Figure 27 : New corset top edge design
- On the mock up, start the new edge shape by extending the center front, side seam (and center back seam if design calls for it). (Fig. 28)
Make these lines a bit longer than you think you need them.
Figure 28 : Marking extended center front seam line
- Trace the edge of the old mock up edge on to the fabric extension piece. (Fig. 29)
This will make it a bit easier to transfer mock up changes to the pattern if extension fabric pieces need to be unpinned from the mock up.
Figure 29 : Transferring original mock up edge on to fabric insert
- Pull on the extension fabric to keep it smooth while drawing the new edge shape on it. (Fig. 30)
Try to be realistic when it comes to how much to raise/lengthen the edge.
An underbust corset should still be an underbust corset!
Figure 30 : Pulling fabric extension for smoother drawing surface
- Extend mock up seam lines no to the fabric extension pieces using a ruler. (Fig. 31)
We want the new part of the seam line be a smooth continuation of it.
Figure 30 : Extending ALL new seam lines so they reach new edge
FOOD FOR THOUGHT
ALL of these methods can be applied anywhere on the mock up problem areas to properly fit a corset mock up, be it close to the mock up edges or smack dab in the middle of it.
Take in or let out the seam line where ever it is needed, however much is needed! Any fit adjustment made on one side of the mock up NEEDS to be made on the other side as well.
Try to copy the adjustments as close as possible.

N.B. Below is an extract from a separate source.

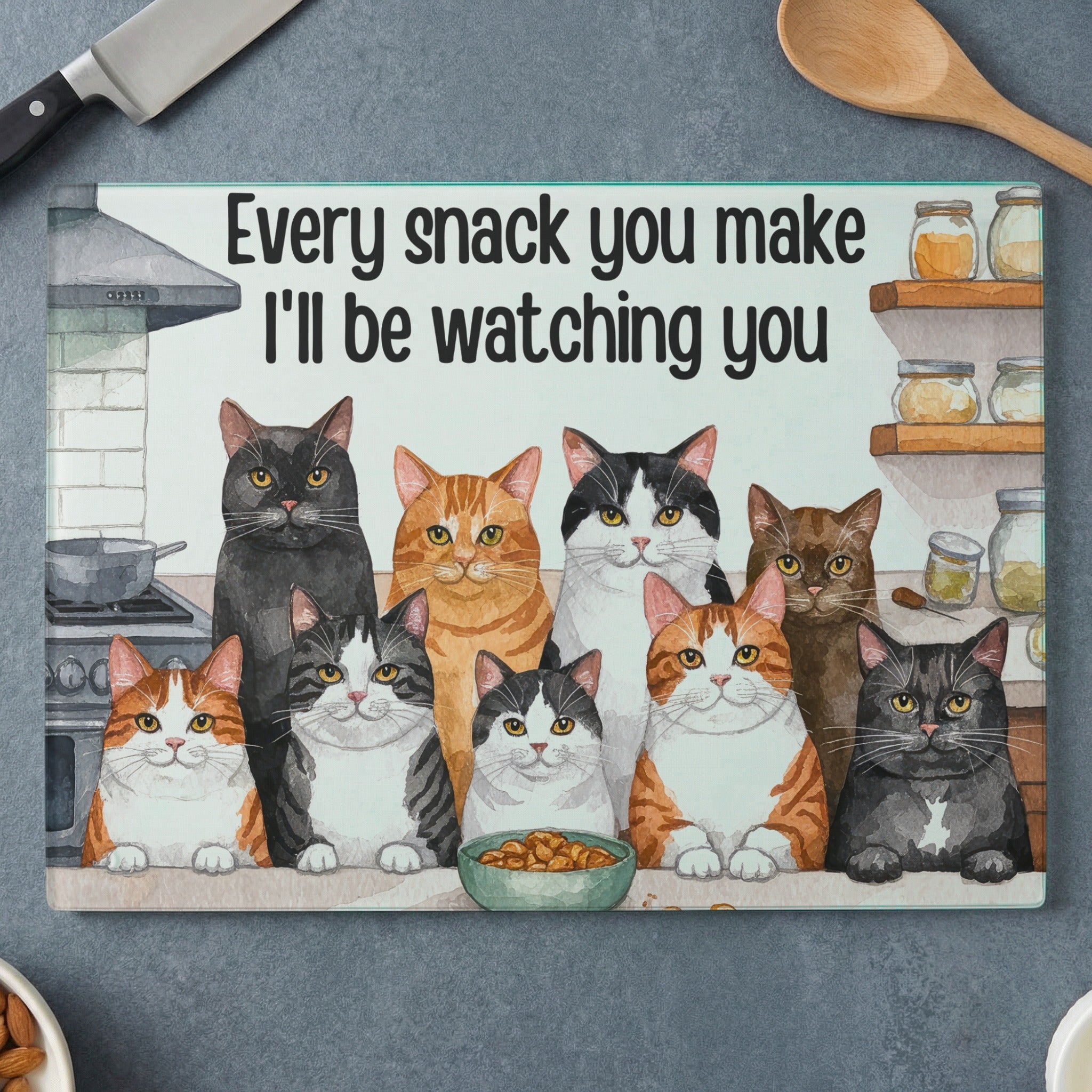 Ten cats watch a bowl of food under the text "Every snack you make I'll be watching you".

By doing this, mock up will reveal if all adjustments work well together. If there is a need to go back and make more modifications.
During the fitting process, you might have to work with asymmetry „issues“.
When this is the case, there are two options.
- Fit the two sides separately for a close fit on the natural shape.
- Fit the larger side (in comparison) of the mock up with the goal of padding out the shape for the other side, to achieve visual symmetry.
They are a matter of preference as well as the use of the finished corset but one thing is for sure, another mock up MUST to be made to achieve a good fit!
It will ALWAYS be difficult to fit a mock up on oneself! There is no way around it but it is a skill and any skill can be learned and practiced. You can do it!
To get a proper fit, it might be necessary to lace in and out of the mock up a couple of time to achieve a proper fit in the back of the mock up.
Expect a lot of trial and error as it is a part of the process.
With everything said and done, it is well worth it as all the hard work will result in a comfortable and beautiful corset.
YOU ARE ALMOST DONE!
Only thing left is to transfer ALL changes made on the mock up on to the corset pattern and you can create your very own AMAZING corset!